# our first chicks hatched on our little farm



## critergiter09 (Jan 4, 2012)

Today while cleaning stalls we noticed our hen who has been sitting on a nest for quite some time now had 2 baby chicks under her. 2 hours later and we now have 4. 2 hens were sharing a nest and taking turns lying and sitting on them. We have 2 yellow babies 1 gray and 1 black.

Sent from my Nexus 7 using GoatSpot


----------



## critergiter09 (Jan 4, 2012)

Here are a few pics. Tomorrow Ill try to get better ones


----------



## serenityfarmnm (Jan 6, 2013)

Im just into goats but have had chickens for a while, I still remember my first "hatched" chicks! Such a thrill! Congrats!!!!!!!


----------



## critergiter09 (Jan 4, 2012)

Thanks. We started with goats. They are still our favorite and get all the attention lol.  then we got ducks. And I worked for a small zoo until I got into an argument with the owner.... but he was going to feed a box full of week old baby chicks to the snakes and I said noooo and bought them and brought them home. Not sure on their breed we sold a few and a few have disappeared. But now we have 1 rooster and 4 hens and now 4 chicks. I know the one mama hen is a fizzled Cochin. Not sure on the rest.

Sent from my Nexus 7 using GoatSpot


----------



## critergiter09 (Jan 4, 2012)

Here is our rooster he has feathered legs. Don't believe any of our chickens are "full size" chickens. Does anyone know what breed he is?

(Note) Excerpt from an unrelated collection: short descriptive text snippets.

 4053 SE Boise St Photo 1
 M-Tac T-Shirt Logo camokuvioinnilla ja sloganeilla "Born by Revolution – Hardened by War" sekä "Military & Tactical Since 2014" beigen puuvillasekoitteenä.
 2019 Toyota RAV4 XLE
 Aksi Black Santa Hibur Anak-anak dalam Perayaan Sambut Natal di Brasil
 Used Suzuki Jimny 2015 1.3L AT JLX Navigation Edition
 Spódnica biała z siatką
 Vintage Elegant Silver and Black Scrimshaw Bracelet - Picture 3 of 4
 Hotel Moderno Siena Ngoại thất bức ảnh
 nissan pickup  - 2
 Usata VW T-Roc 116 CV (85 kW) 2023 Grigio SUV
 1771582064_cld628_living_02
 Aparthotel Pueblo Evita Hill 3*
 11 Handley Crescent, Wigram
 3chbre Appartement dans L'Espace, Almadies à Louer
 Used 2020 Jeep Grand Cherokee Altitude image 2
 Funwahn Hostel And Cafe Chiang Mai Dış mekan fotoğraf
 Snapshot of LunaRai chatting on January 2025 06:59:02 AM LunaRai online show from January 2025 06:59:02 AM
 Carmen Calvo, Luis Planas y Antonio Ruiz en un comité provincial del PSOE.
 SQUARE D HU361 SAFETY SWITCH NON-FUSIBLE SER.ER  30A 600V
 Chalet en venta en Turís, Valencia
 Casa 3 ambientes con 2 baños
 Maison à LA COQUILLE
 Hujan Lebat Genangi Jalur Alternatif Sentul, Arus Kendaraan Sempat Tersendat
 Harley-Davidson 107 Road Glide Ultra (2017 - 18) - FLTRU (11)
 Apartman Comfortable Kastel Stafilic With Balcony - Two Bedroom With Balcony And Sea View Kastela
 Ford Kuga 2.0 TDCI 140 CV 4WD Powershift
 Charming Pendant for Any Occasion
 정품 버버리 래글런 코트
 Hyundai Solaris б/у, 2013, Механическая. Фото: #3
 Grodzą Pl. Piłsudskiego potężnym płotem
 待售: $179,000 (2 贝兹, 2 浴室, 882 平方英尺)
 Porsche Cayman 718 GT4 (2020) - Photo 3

Sent from my Nexus 7 using GoatSpot


----------



## RMADairyGoats (Jun 20, 2011)

OMG!!!!! There is absolutely NOTHING cuter than a peep!


----------



## mjs500doo (Nov 24, 2012)

critergiter09 said:


> Here is our rooster he has feathered legs. Don't believe any of our chickens are "full size" chickens. Does anyone know what breed he is?
> 
> Sent from my Nexus 7 using GoatSpot


IMO he's a silver laced Cochin. If he's not standard, then he's considered a bantam. So if you need a breed, I'd say he's a Silver Laced Cochin Bantam. Also, he should throw that lacing into his chicks so you'll have some fun colors!


----------



## critergiter09 (Jan 4, 2012)

Thank you! This is exciting. Not as exciting as goat kiddings but still pretty exciting.


----------



## toth boer goats (Jul 20, 2008)

Congrats


----------



## Arkie (Sep 25, 2012)

Guess I have a different game plan. I want to buy fresh stock each year from one of the hatcheries, keep em through the first egg season, sell em on Craigs List, and start over with replacement chicks the next spring.

Bob


----------